#### [What you are asked to do]
Pictures stay out of the copy. Retype exactly the lines below from the one with "Sukhumvit Casa Condominium" through the one with "1 Willow Glen Cir Unit 26, Warwick, RI 02889".

#### [Extracted information]
· · · · · · ·
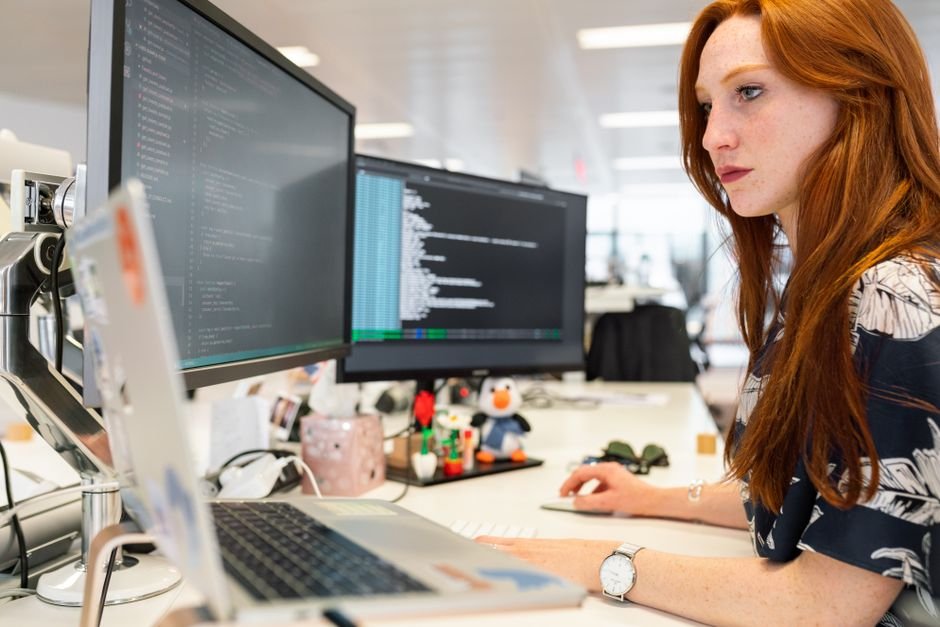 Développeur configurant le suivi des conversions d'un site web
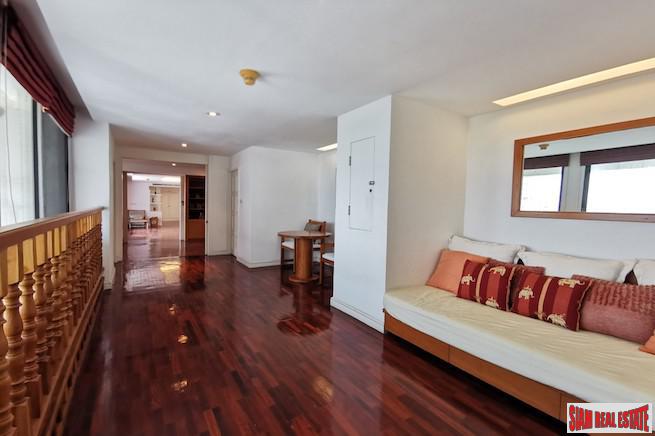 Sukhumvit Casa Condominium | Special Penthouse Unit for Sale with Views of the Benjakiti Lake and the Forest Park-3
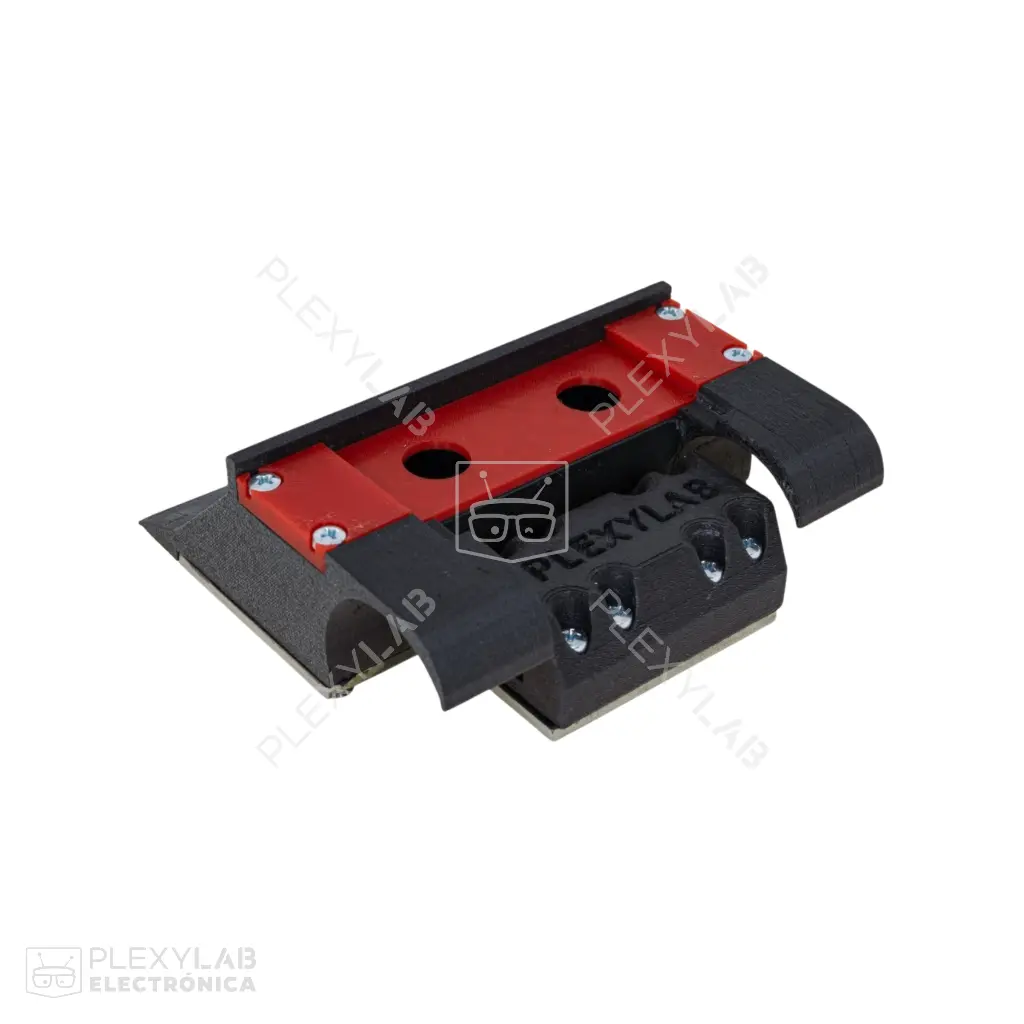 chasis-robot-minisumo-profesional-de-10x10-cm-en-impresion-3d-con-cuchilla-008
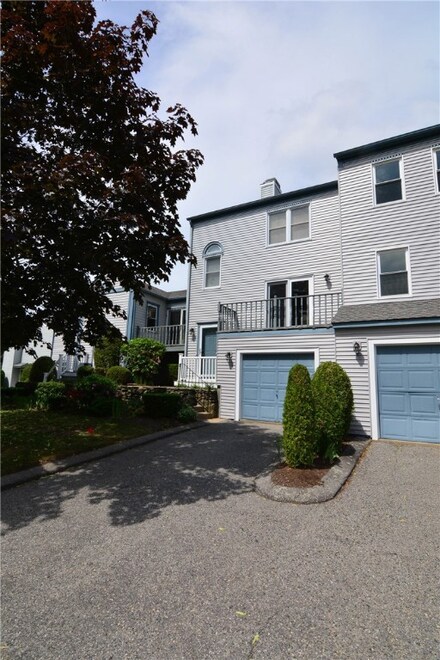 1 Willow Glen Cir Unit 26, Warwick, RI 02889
· · · · · · ·
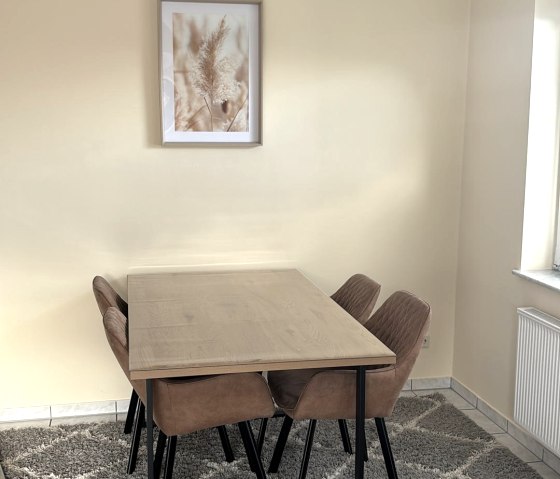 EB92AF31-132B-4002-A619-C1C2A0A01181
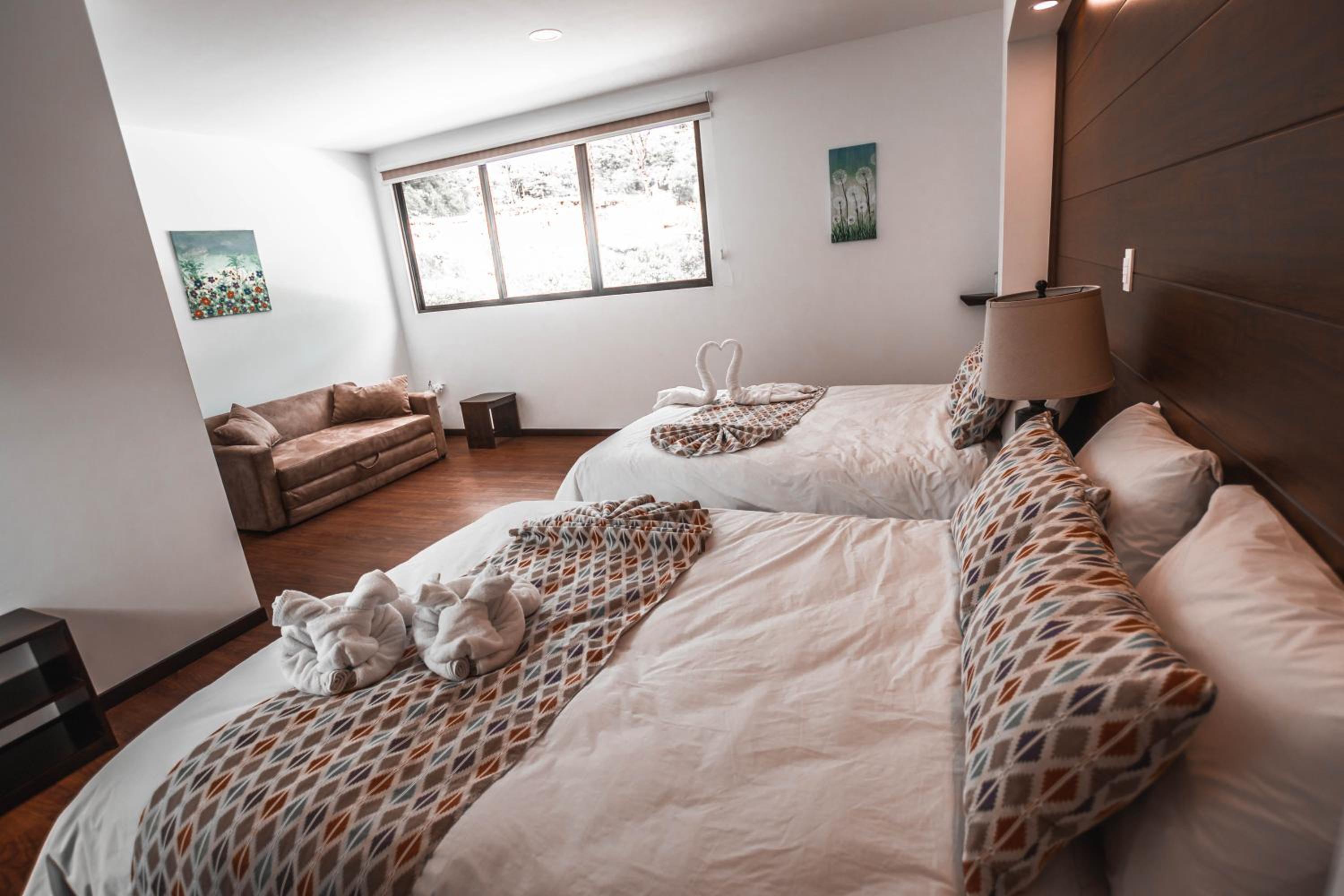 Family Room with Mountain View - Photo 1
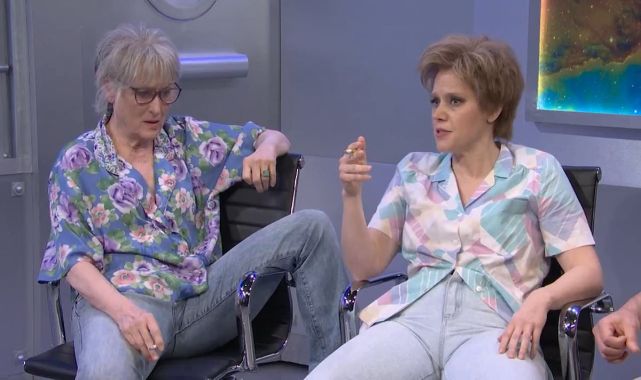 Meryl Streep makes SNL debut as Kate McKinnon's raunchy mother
· · · · · · ·
#### [Reply to the exercise]
 Sukhumvit Casa Condominium | Special Penthouse Unit for Sale with Views of the Benjakiti Lake and the Forest Park-3
 chasis-robot-minisumo-profesional-de-10x10-cm-en-impresion-3d-con-cuchilla-008
 1 Willow Glen Cir Unit 26, Warwick, RI 02889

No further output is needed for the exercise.